Snowden Prompts Surveillance Reforms That Would Never Please Snowden

President Obama made a point to note in his speech on Friday that last year in May, weeks before former NSA contractor Edward Snowden’s leaks became public, he called for a “more robust public discussion about the balance between security and liberty.”

That discussion became much more robust than he ever planned, as Snowden revealed secret court decisions, classified presentations and schematics that showed America’s surveillance infrastructure had reacted to the terrorist attacks of 2001 with an ever-increasing dragnet that gathered massive amounts of data and presented an unlimited potential for abuse.

The president had responded to those leaks several times since they first emerged, but on Friday he presented the first set of concrete reforms designed to to restore the public’s faith in the intelligence community.

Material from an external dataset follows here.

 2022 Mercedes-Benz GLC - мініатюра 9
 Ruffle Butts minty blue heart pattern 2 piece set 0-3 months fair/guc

“Those who are troubled by our existing programs are not interested in a repeat of 9/11, and those who defend these programs are not dismissive of civil liberties,” he said. “The challenge is getting the details right, and that’s not simple.”

His most substantive reforms include declassifying some of the decisions of the Foreign Intelligence Surveillance Court, which rules on intelligence agencies’ ability to conduct “our most sensitive intelligence activities.”  He also called on Congress to establish a “panel of advocates” to weigh in on behalf of the privacy rights of the public.

The Court will now have to rule on any use of Section 215 of the PATRIOT Act, which allows for bulk collection of metadata that the president points out does not include the content of phone calls or the names of the participants but other metadata, which could be used to identify the participants or otherwise limit their privacy.

“The telephone metadata program under Section 215 was designed to map the communications of terrorists, so we can see who they may be in contact with as quickly as possible,” he said, justifying the practice. “This capability could also prove valuable in a crisis.”

However, the anecdote he used to justify the program — “One of the 9/11 hijackers – Khalid al-Mihdhar – made a phone call from San Diego to a known al Qaeda safehouse in Yemen. NSA saw that call, but could not see that it was coming from an individual already in the United States” — was recently disputed in an article by Lawrence Wright in The New Yorker.

Few critics of the president’s record on civil liberties will be satisfied with reforms that narrow the scope of surveillance — for instance, limiting the so-called “hops” or degrees of separation from a terrorist target that an agency can search to two from three — without drastically unwinding the efforts.

Glenn Greewald — the journalist who first published Snowden’s documents — called the speech a “publicity stunt” before Obama spoke a single word.

But the president’s willingness to respond to the critiques spurred by Snowden’s leaks does create the opportunity for Congress to act.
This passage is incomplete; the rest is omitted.